Par M. Jean-Pierre MAULNY
Directeur-adjoint de l’Institut des Relations internationales et Stratégiques (IRIS)
Il y a désormais 55 ans le Général de Gaulle et le Chancelier Adenauer signaient, le 22 janvier 1963, le traité de l’Élysée destiné à sceller la réconciliation entre la France et la République fédérale d’Allemagne. Dans ce traité de coopération, il y avait plus que la réconciliation franco-allemande, il y avait les fondements d’une Europe unie et intégrée. Nos deux pays ne pouvaient refonder seuls l’Europe, il était nécessaire que les autres pays européens qui avaient subi les affres de la Seconde guerre mondiale partagent le même espoir et le même destin. Ce destin commun fut tracé dans le traité de Rome signé en 1957 avec six pays. Par la suite bien d’autres pays européens allaient rejoindre la Communauté économique européenne devenue Union européenne (UE) en janvier 1993 avec le traité de Maastricht.
En matière de défense la France et l’Allemagne allaient également fixer le cap avec le traité de l’Élysée le 22 janvier 1963. L’Institut franco-allemand de recherche de défense Saint-Louis avait été créé en 1958 et des coopérations franco-allemandes dans le domaine de l’armement furent lancées avec succès dans les années 1960.
Puis le Président de la République François Mitterrand et le Chancelier Helmut Kohl furent à l’origine de la Politique étrangère et de Sécurité commune (PESC) dans le traité de Maastricht en 1992 avec son volet défense, devenue aujourd’hui la Politique de Sécurité et de Défense commune (PSDC) avec le traité de Lisbonne.
La France et l’Allemagne ont toujours été à l’initiative de la construction européenne en matière de défense parce que nos deux pays partagent les deux mêmes objectifs :
– Éviter que l’Europe redevienne un territoire de conflits entre les peuples qui y vivent et rappeler à tous moments l’esprit de la réconciliation après la Seconde guerre mondiale.
– Faire de l’UE un acteur actif sur la scène internationale afin de faire valoir et protéger ses intérêts, et de promouvoir la paix et la sécurité dans le monde.

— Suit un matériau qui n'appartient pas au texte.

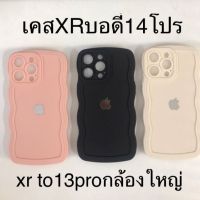 เคสXr เปลี่ยนบอดี้ 14Pro เคส xr to13pro เคสXR เปลี่ยนเป็น 13 proกล้องใหญ่ เคสโทรศัพท์ แบบกําหนดเอง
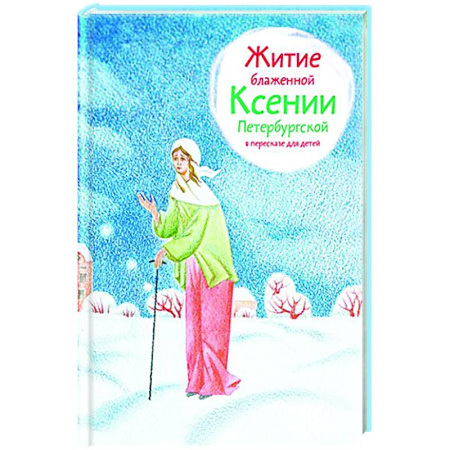 Религиозная литература для детей, книга Житие блаженной Ксении Петербургской в пересказе для детей купить по скидке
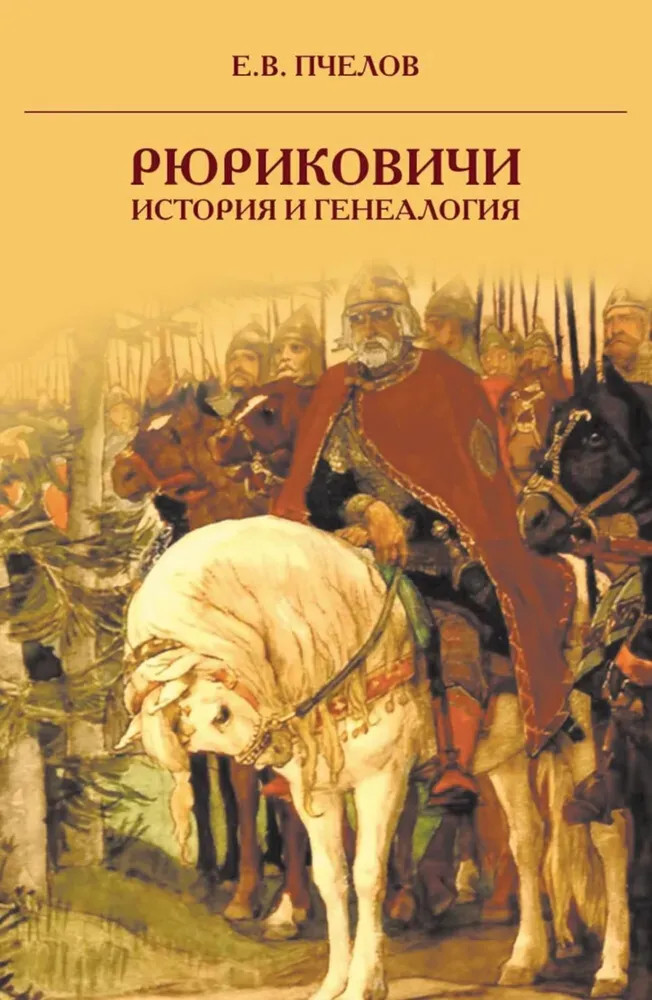 Рюриковичи: история и генеалогия | Русская история: эпохи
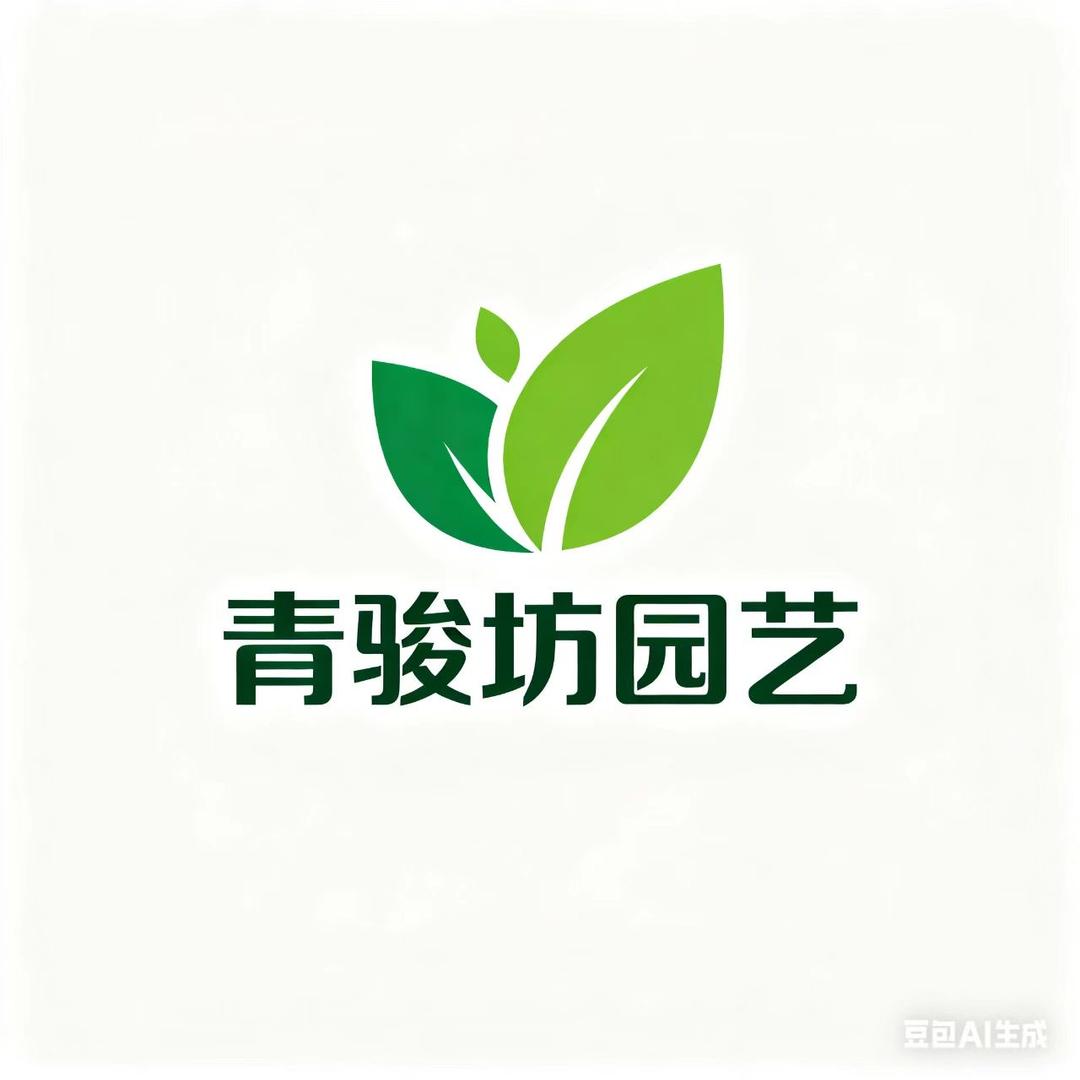 青骏坊园艺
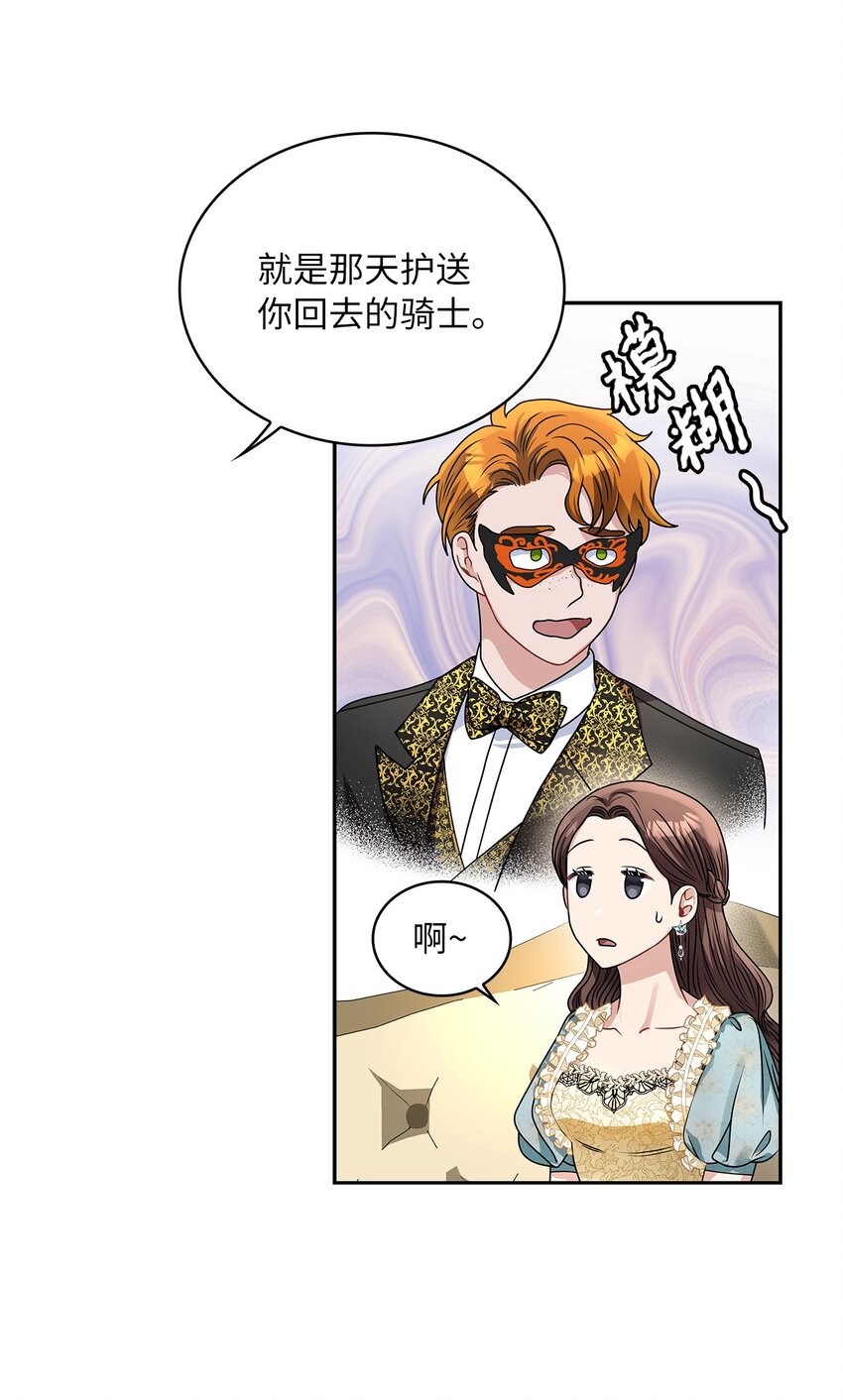 60 贤明的传闻(1/2)-第63话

Dans ce cadre, Français et Allemands ont pris une part active aux initiatives qui constituent aujourd’hui le cœur de la relance de l’Europe de la défense. Cela comprend notamment la Coopération structurée permanente, qui a été notifiée en décembre 2017, et le Fonds européen de défense dont la forme définitive verra le jour à partir de 2021. Ces initiatives doivent nous permettre de renforcer la sécurité des citoyens européens, de le faire dans un cadre plus collectif que cela n’était le cas autrefois afin de donner corps à la politique de défense commune, susceptible de devenir un jour une défense commune, comme cela a été agréée dans les différents traités de l’UE qui se sont succédés depuis le traité de Maastricht. Cela doit pouvoir nous permettre de renforcer l’autonomie stratégique européenne afin que les pays de l’Union puissent assumer pleinement les missions de la PSDC et puissent apporter une contribution significative à la mission de défense collective dans le cadre de l’Organisation du Traité de l’Atlantique-Nord (OTAN).
Aujourd’hui les réalisations concrètes et les projets futurs franco-allemands apportent une contribution décisive à cet objectif. Ainsi la Brigade franco-allemande (BFA) est actuellement déployée au Mali, alors que le projet de drone de reconnaissance EuroMale, qui comprend également l’Italie et l’Espagne, franchit différentes étapes. Dans le futur ce sera le programme de Système de combat aérien futur (SCAF), dont les premières études vont être commandées aux entreprises françaises et allemandes ainsi que le futur système de combat terrestre.
Pour toutes ces raisons la perspective d’un nouveau traité de l’Élysée doit être accueillie avec satisfaction. Cela ne dispensera pas Français et Allemands à continuer à dialoguer, à écouter et à comprendre les arguments de l’autre sachant que nous avons besoin, plus que jamais, du couple franco-allemand pour pouvoir faire face aux nouvelles menaces auxquelles doivent faire face les pays de notre continent et pour consolider une Europe unie et intégrée comme pôle de stabilité internationale.